La leche es uno de los alimentos más nutritivos, puesto que contiene proteínas de alto valor biológico, de hecho forma parte del grupo de alimentos formadores, debido a que contienen los 9 aminoácidos esenciales que el cuerpo no fabrica y que tiene que adquirir de los alimentos. Las proteínas de origen animal como las presentes en la leche de vaca, son más completas que las proteínas de origen vegetal.
La leche contiene calcio, vitamina D y otros minerales. Además contiene un 30 % de ácidos grasos esenciales insaturados.
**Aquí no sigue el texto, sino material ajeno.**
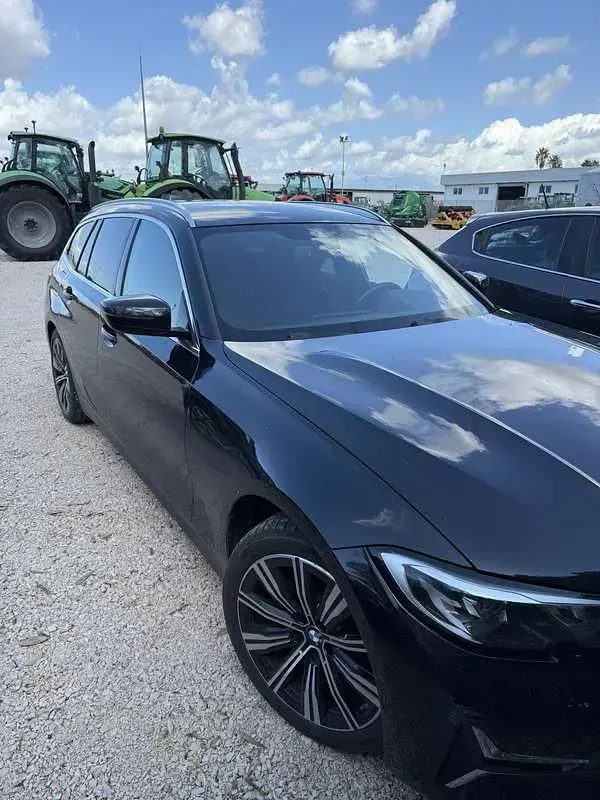 Usata BMW 318 Luxury Line 150 CV (110 kW) 2020 Station wagon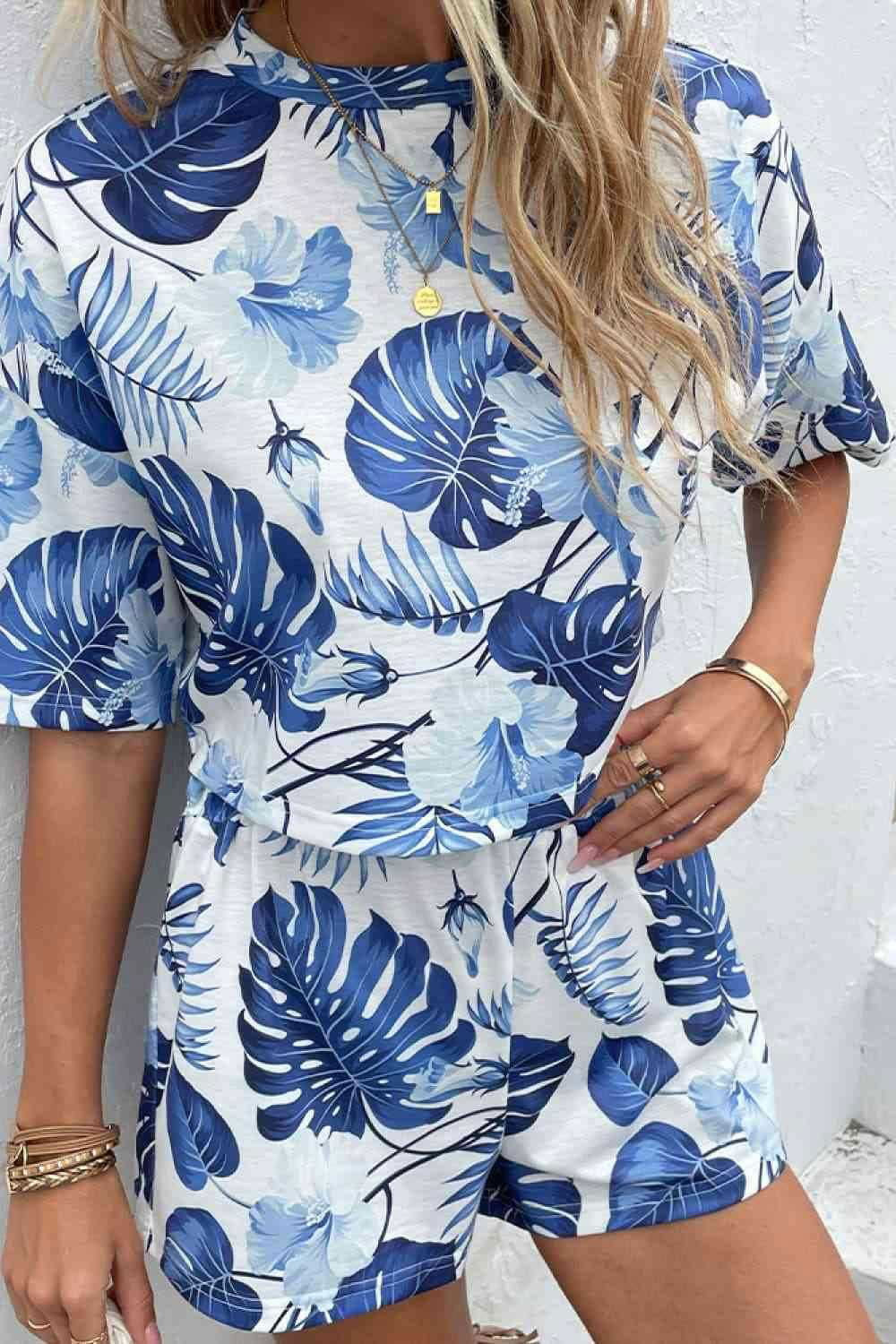 Printed Half Sleeve Top and Shorts Lounge Set - Vesteeto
Las proteínas lácteas cubren las necesidades de aminoácidos del ser humano, ya que contienen todos los aminoácidos esenciales. En cuanto a los hidratos de carbono, es la lactosa la que actúa como fuente de energía, proporcionando hasta el 25% de la energía total del alimento.
Los productos lácteos son fuente de minerales como el calcio 65-75% del consumo diario requerido, potasio, magnesio, zinc y fósforo. El elevado contenido en calcio, potasio y magnesio de la leche afecta de manera beneficiosa a factores de riesgo cardiovascular. La leche es el mejor amigo de los huesos. Papel en la formación y el mantenimiento de huesos y dientes, y también en la prevención de la osteoporosis, la leche es la principal fuente de calcio en nuestra dieta.